Developed to support the Federal Motor Carrier Safety Administration’s (FMCSA) Compliance, Safety, Accountability (CSA) initiative, the Safety Measurement System (SMS) methodology is intended to monitor motor carrier and commercial motor vehicle driver safety performance. It must pass rigorous review before it becomes law.

Under the Administrative Procedure Act, the FMCSA must consider the effect these rules will have on the motor carrier industry, the cost of regulation, and its impact on small business enterprises, in particular.

There is no proof that SMS methodology is a better measure of safety than the objective-based compliance review currently required by statute. SMS methodology is based on "grading on a curve," which assumes that half the motor carriers it rates are somehow marginal or deficient.


Repeatedly, carriers with very low crash rates and satisfactory safety ratings score poorly under SMS methodology based on flawed data, fuzzy math, and technical violations that have no proven correlation to safety.

Highway fatalities involving trucks are at an all-time low. A mass of new regulations are not needed, particularly when competition, efficiency, and jobs are at stake. Yet the broker and shipper community has been slow to realize the effect of SMS methodology.

Unsafe? Says Who?

Vendors selling carrier-monitoring programs have attempted to make shippers and brokers feel they must second-guess the FMCSA’s ultimate fitness determination to avoid vicarious liability or negligent selection lawsuits. Shippers, like the traveling public, should be protected by the regulations and the regulators, who should be solely responsible for certifying safety. We should not be required to second-guess the FMCSA’s ultimate determination, or be subjected to suits based on state law when federal law should have preemptive effect.

The current data available for download from the FMCSA Web site reports on 768,000 truck and bus carriers. Inspection data from the past two years exists for 325,000 carriers. Of those, 91,722 possess enough data to have at least one Behavior Analysis & Safety Improvement Categories (BASIC) score. This means that 88 percent of federally authorized motor carriers are not being measured by the new system.

Of those with a BASIC score, 51,230 have at least one score above the FMCSA limbo bar. That’s right: more than 50 percent of all carriers that have a score on at least one BASIC have at least one BASIC above FMCSA’s arbitrary threshold.

A system that, based on arbitrary compliance thresholds, suggests half of motor carrier capacity is unfit for the shipping public to use, cannot be accepted by the shipper and broker community.

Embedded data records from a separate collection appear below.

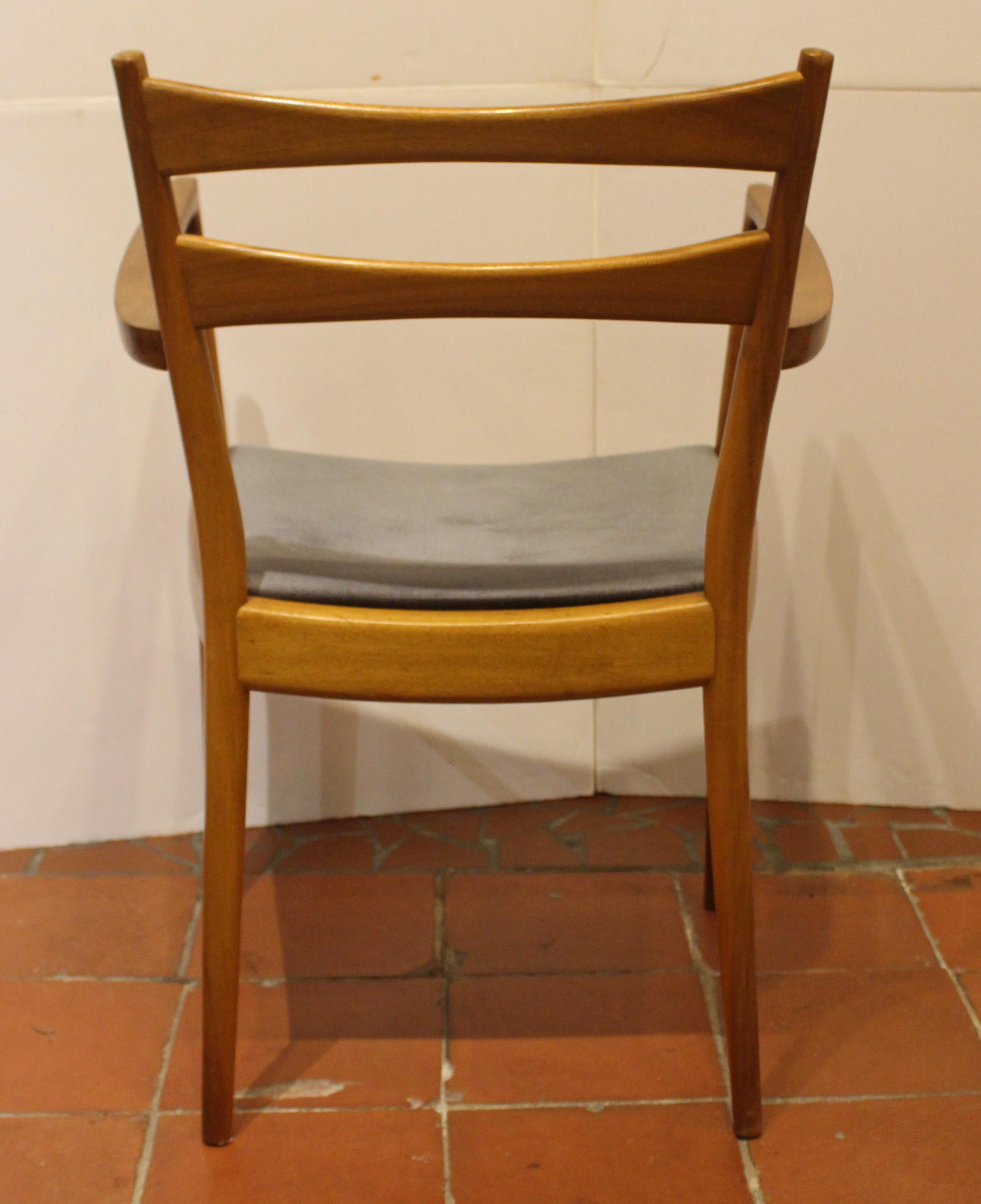 Circa 1960s Set of 10 Mid-Century Modern Dining Chairs In Good Condition In Chapel Hill, NC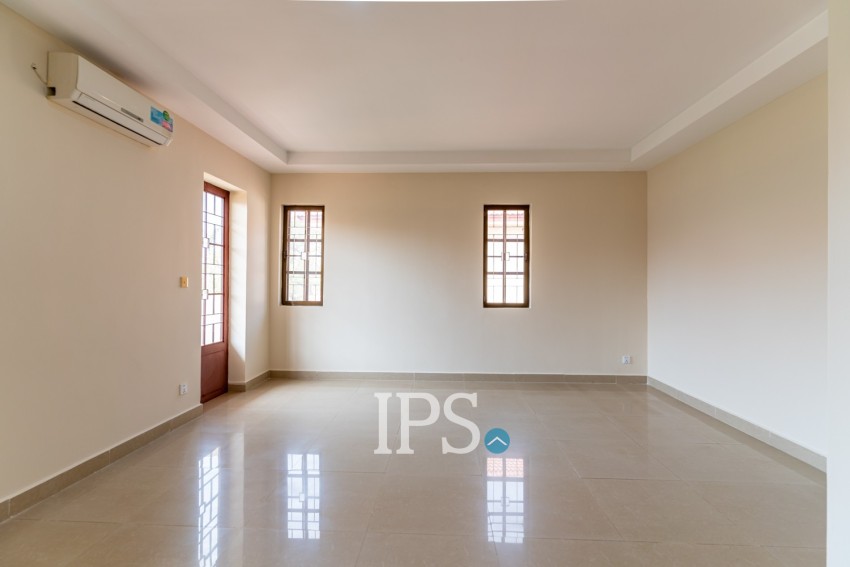 4 Bedroom Villa For Rent - Kouk Khleang, Phnom Penh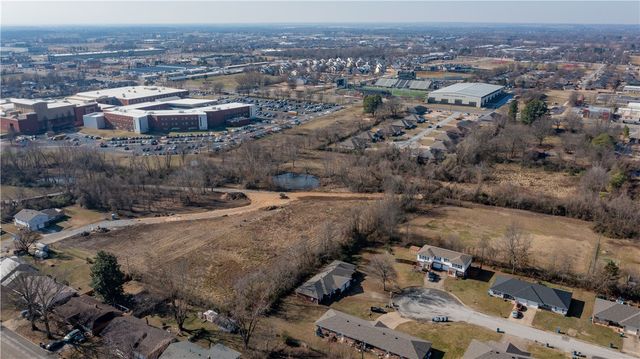 Lawrence Street, Bentonville, AR 72712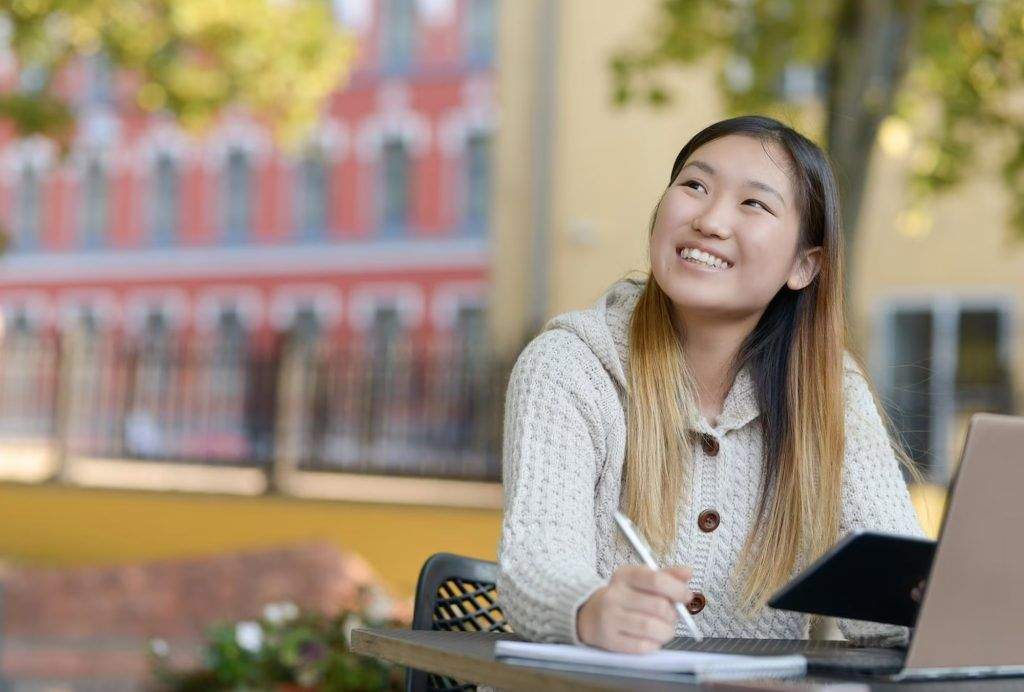 Sinh Viên Mới Ra Trường Có Nên Học Thạc Sĩ Ngay? 7 có nên đi học thạc sĩ không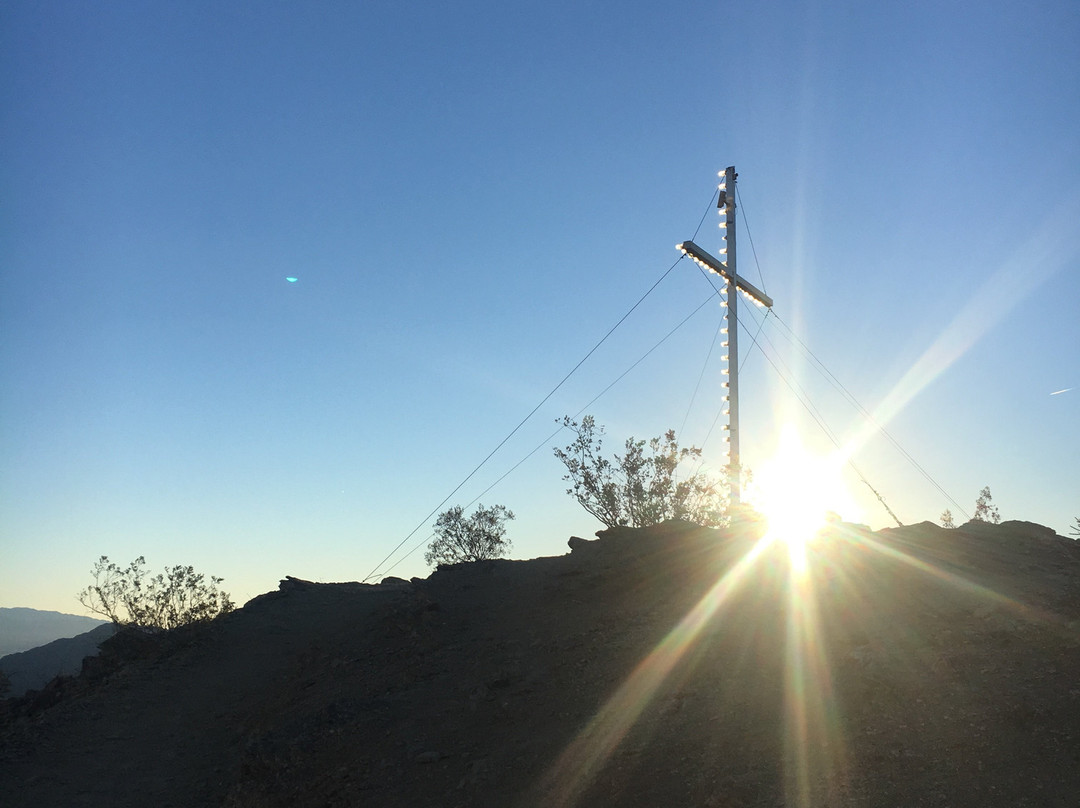 Palm Desert Cross Hiking Trail-棕榈沙漠必去景点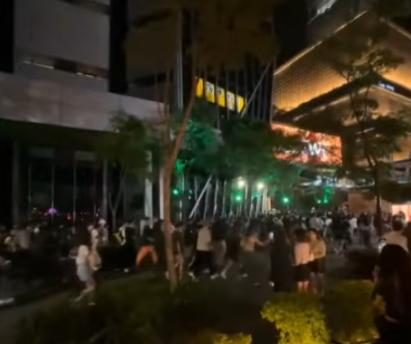 台灣網紅Mr.R周五(10日)晚上於台北信義區鬧市大撒合共10萬元新台幣(約2.4萬港元)的千元紙鈔,吸引約3000人到場瘋搶並引發推撞,據報有多人跌倒,驚動警方介入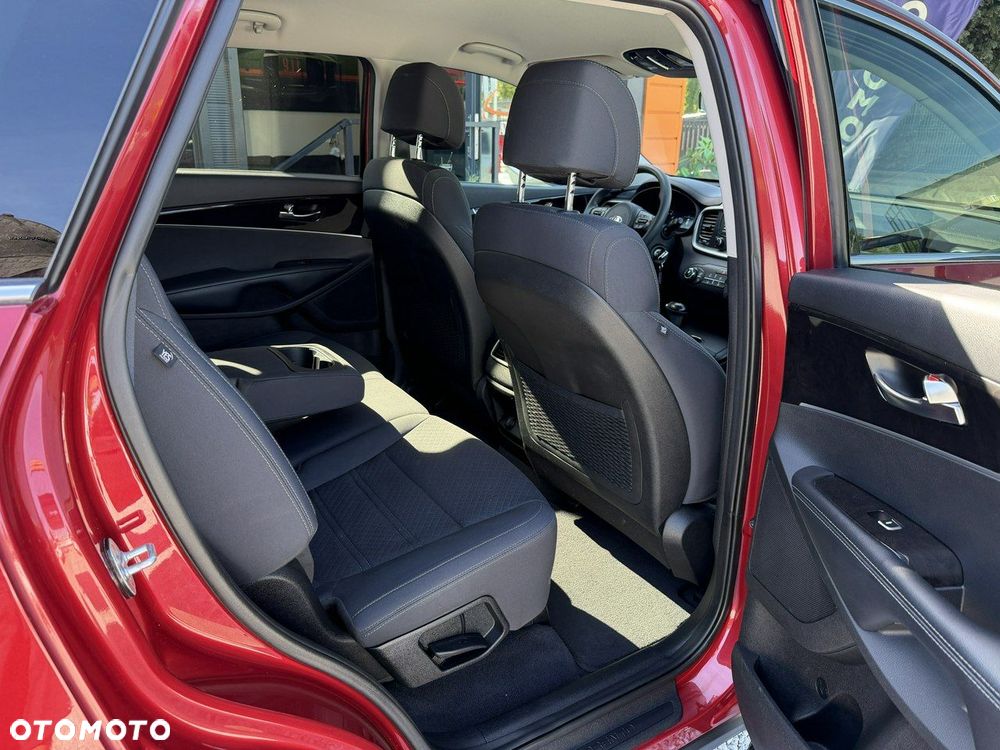 Kia Sorento - 26
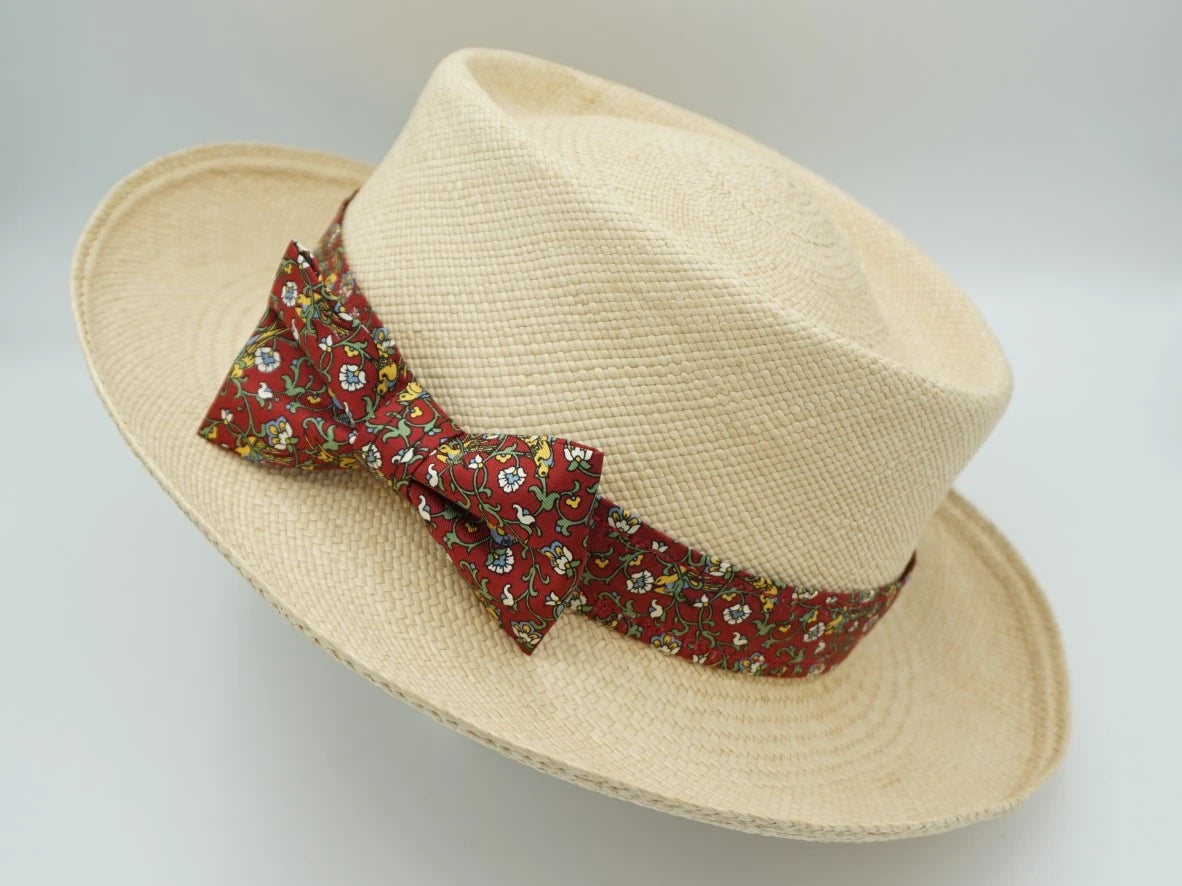 Composez votre ruban de chapeau PapHat mono tissu en soie naturelle rouge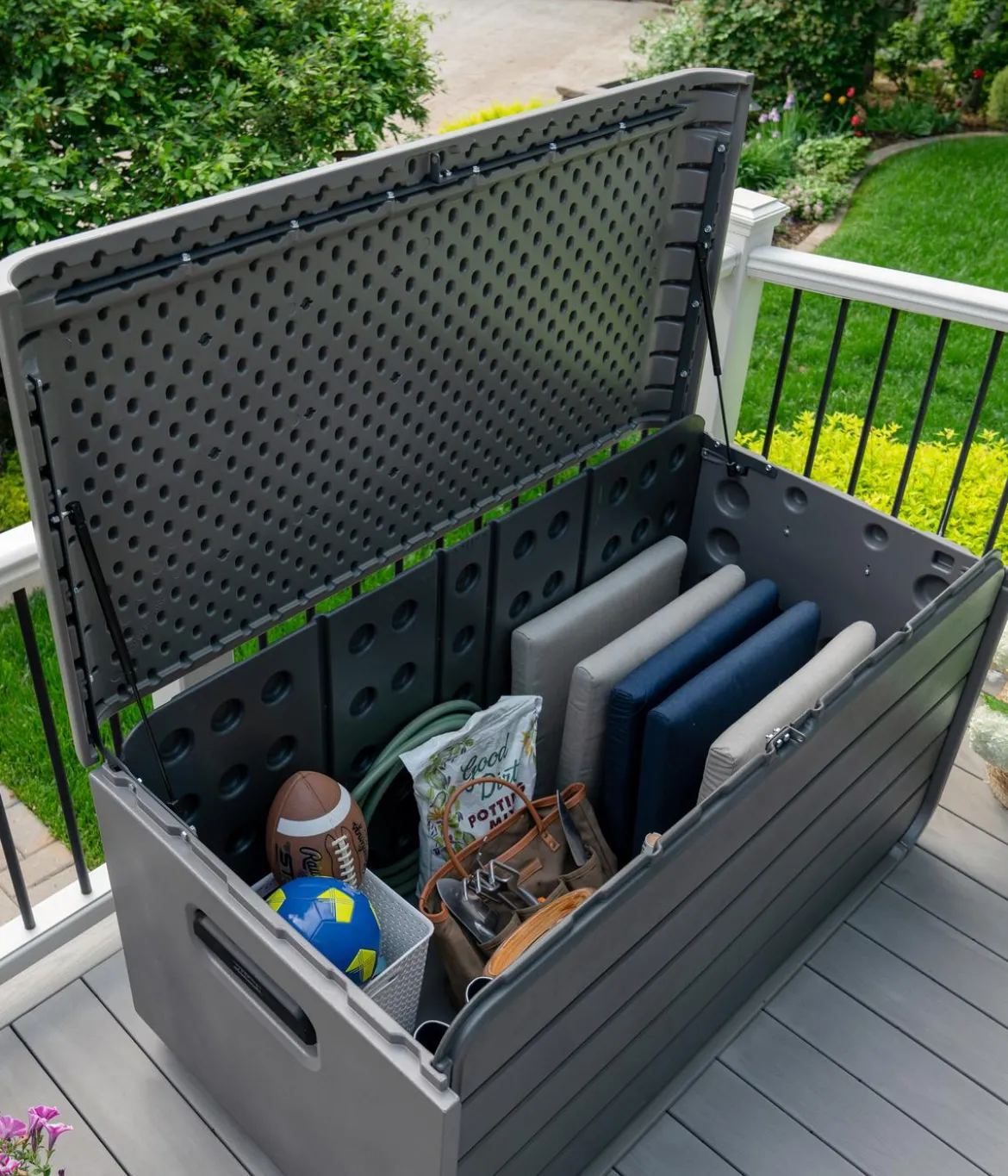 Lifetime Kunststoff Gartenbox Space XL, 625 Liter, ca. B146,7/H77,2/T72,4 cm
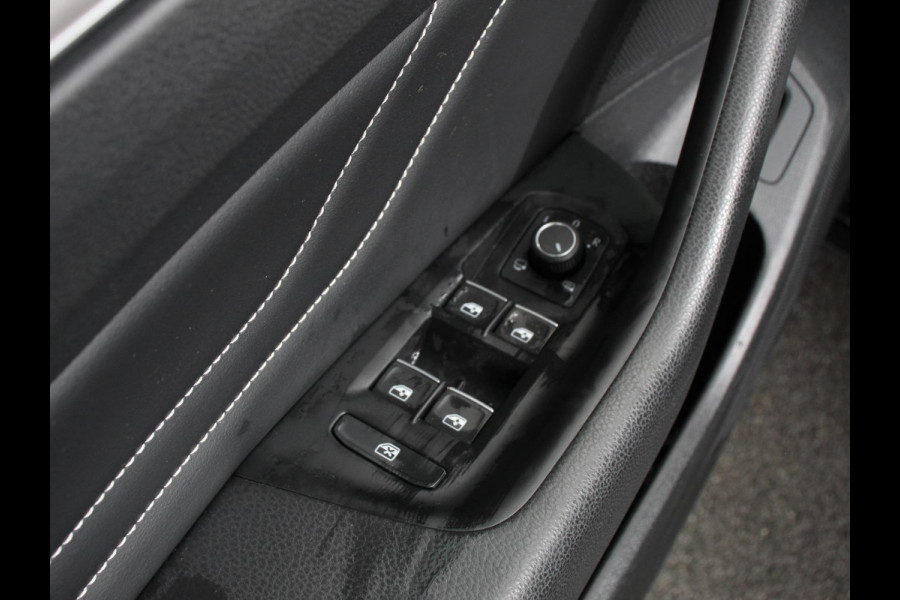 Volkswagen Passat Variant 1.5 TSI 150 pk DSG Elegance High Navigatie Apple Carplay/Android Auto Parkeersensoren Camera Elektrische achterklep Adaptieve Cruise Control Virtual Cockpit Afneembare trekhaak Ledverlichting Bestuurderstoel elektrisch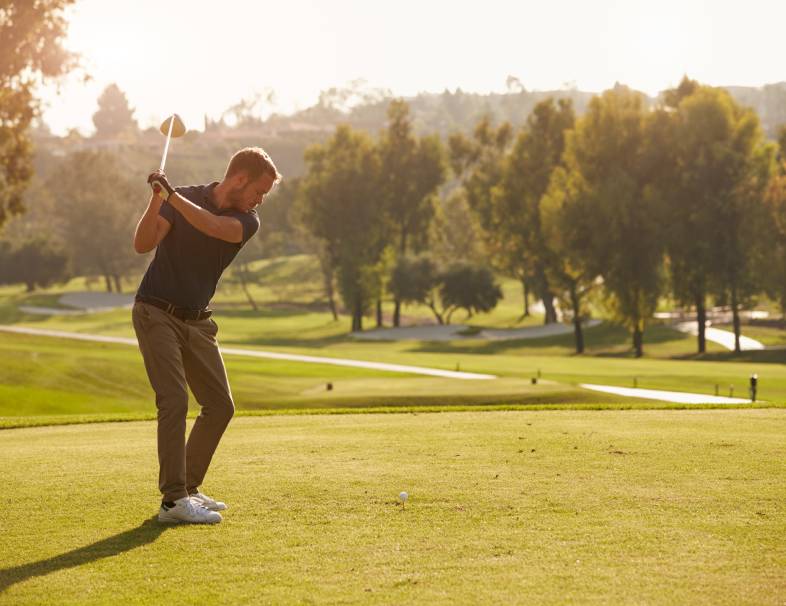 Jaki powinien być strój golfisty? Poznaj golfową etykietę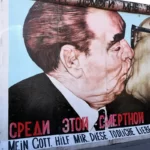 O Beijo no Muro de Berlim: Descubra o que o “Beijo da Morte” Significa!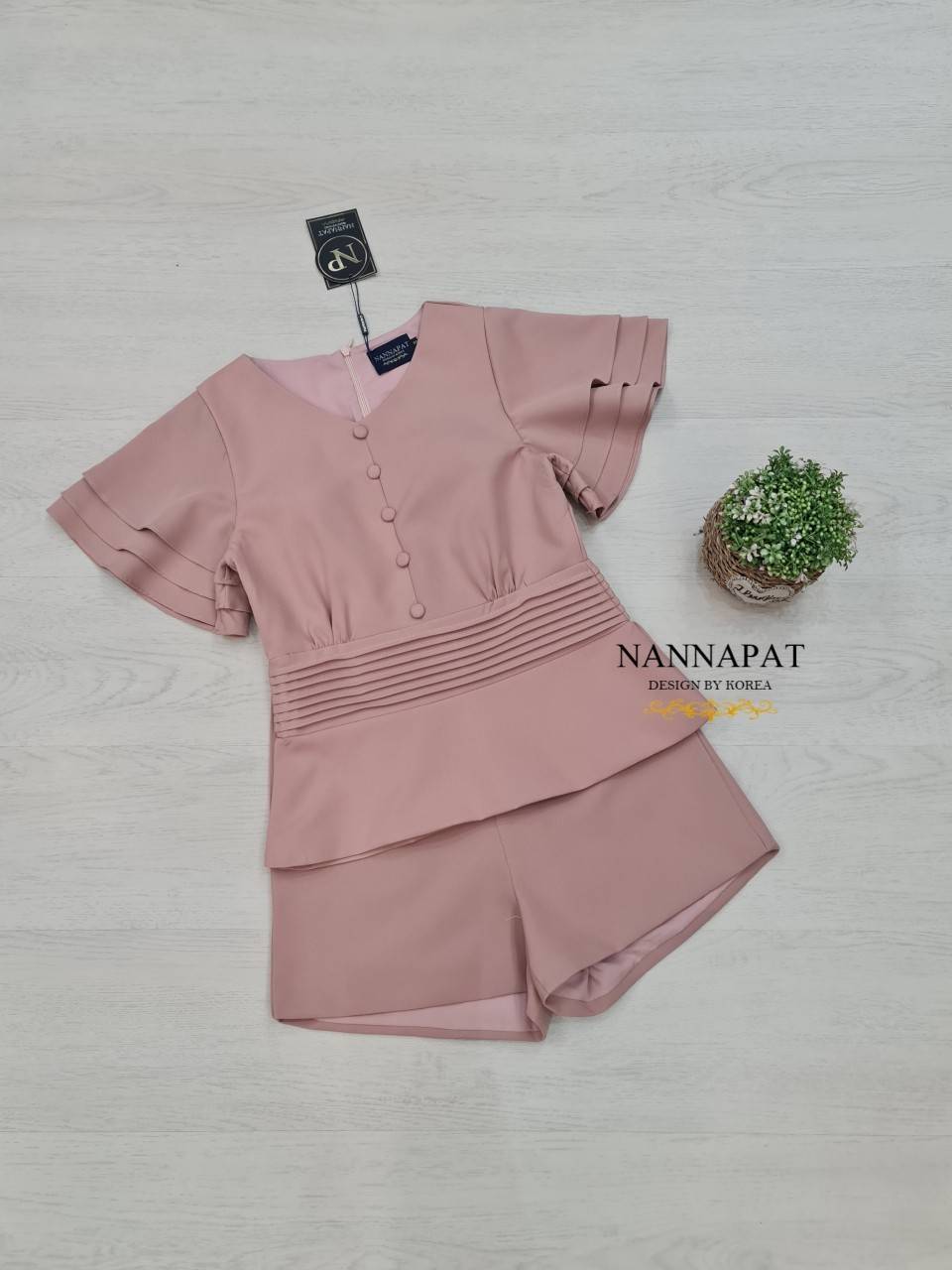 เสื้อซิปหลัง แต่งกระดุม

The major flaw in SMS methodology is that, regardless of how well the motor carrier industry performs, the system will always brand 50 percent or more of the carriers it measures as deficient. In a time of capacity shortage, unemployment, and economic woe, the last thing our industry needs is to curtail available carriers and stifle competition in the false name of improved safety.

The shipper and broker community must take a critical and hard look at this new system and consider the economic and compliance burden it threatens to create.